[YOUR OBJECTIVE] Using the data below, restate exactly every line from the one with "Unha muller refúxiase" up to and including the one with "Escarpins en daim". No picture belongs in it.

[RECORDED DATA]
'''

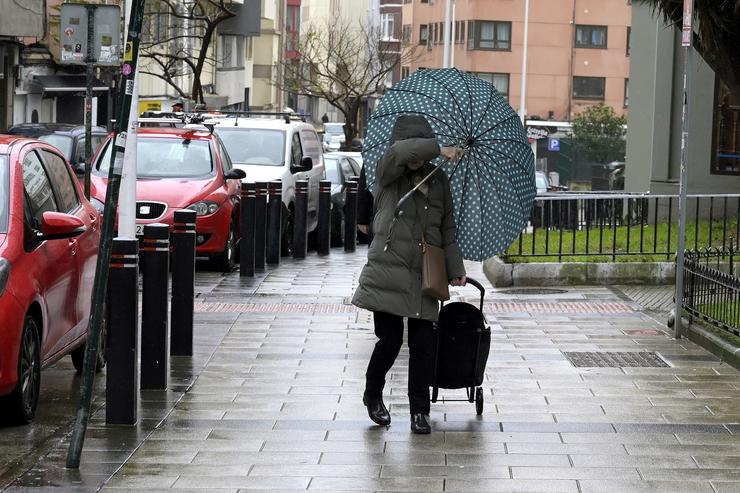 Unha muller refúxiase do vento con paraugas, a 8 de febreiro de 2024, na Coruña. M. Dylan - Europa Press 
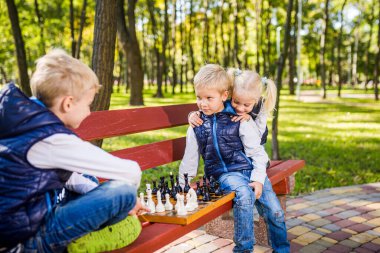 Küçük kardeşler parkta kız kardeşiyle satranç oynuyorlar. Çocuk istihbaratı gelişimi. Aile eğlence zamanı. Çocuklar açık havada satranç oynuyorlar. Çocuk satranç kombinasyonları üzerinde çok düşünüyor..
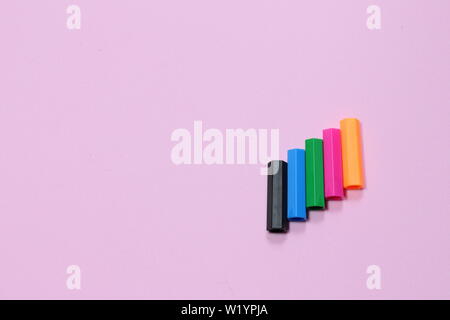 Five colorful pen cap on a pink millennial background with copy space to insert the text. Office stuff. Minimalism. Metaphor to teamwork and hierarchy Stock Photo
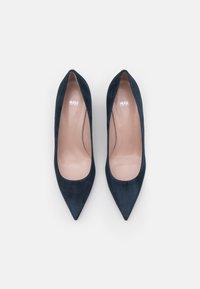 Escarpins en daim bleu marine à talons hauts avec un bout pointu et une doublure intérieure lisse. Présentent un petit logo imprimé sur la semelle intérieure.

'''
'''

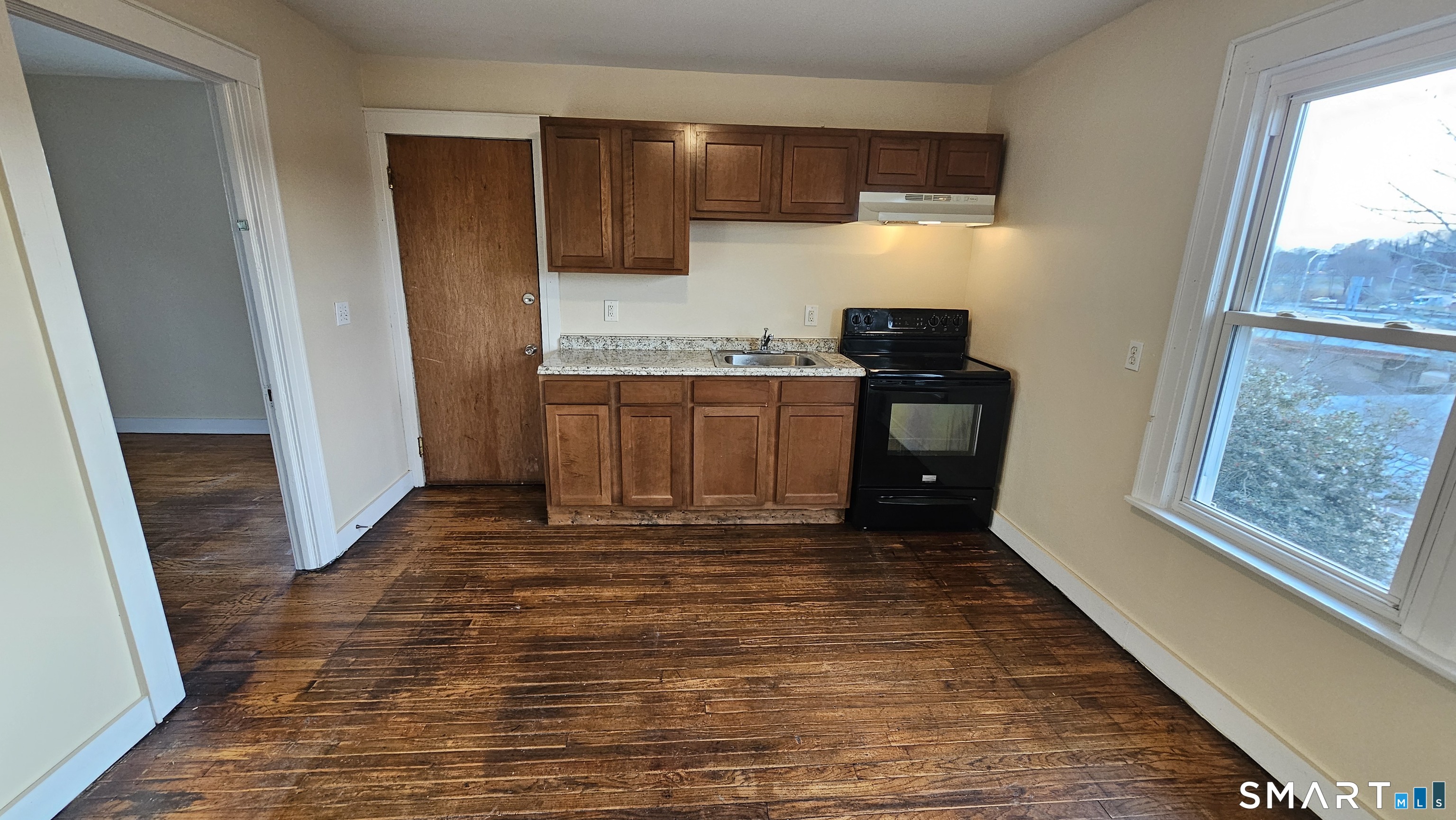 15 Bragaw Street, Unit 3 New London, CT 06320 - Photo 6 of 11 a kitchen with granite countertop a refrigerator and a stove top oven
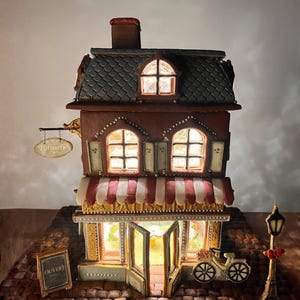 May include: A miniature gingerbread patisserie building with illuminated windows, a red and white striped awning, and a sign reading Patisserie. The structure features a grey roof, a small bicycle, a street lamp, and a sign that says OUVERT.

'''

[EXERCISE OUTPUT]
 Unha muller refúxiase do vento con paraugas, a 8 de febreiro de 2024, na Coruña. M. Dylan - Europa Press 
 Küçük kardeşler parkta kız kardeşiyle satranç oynuyorlar. Çocuk istihbaratı gelişimi. Aile eğlence zamanı. Çocuklar açık havada satranç oynuyorlar. Çocuk satranç kombinasyonları üzerinde çok düşünüyor..
 Five colorful pen cap on a pink millennial background with copy space to insert the text. Office stuff. Minimalism. Metaphor to teamwork and hierarchy Stock Photo
 Escarpins en daim bleu marine à talons hauts avec un bout pointu et une doublure intérieure lisse. Présentent un petit logo imprimé sur la semelle intérieure.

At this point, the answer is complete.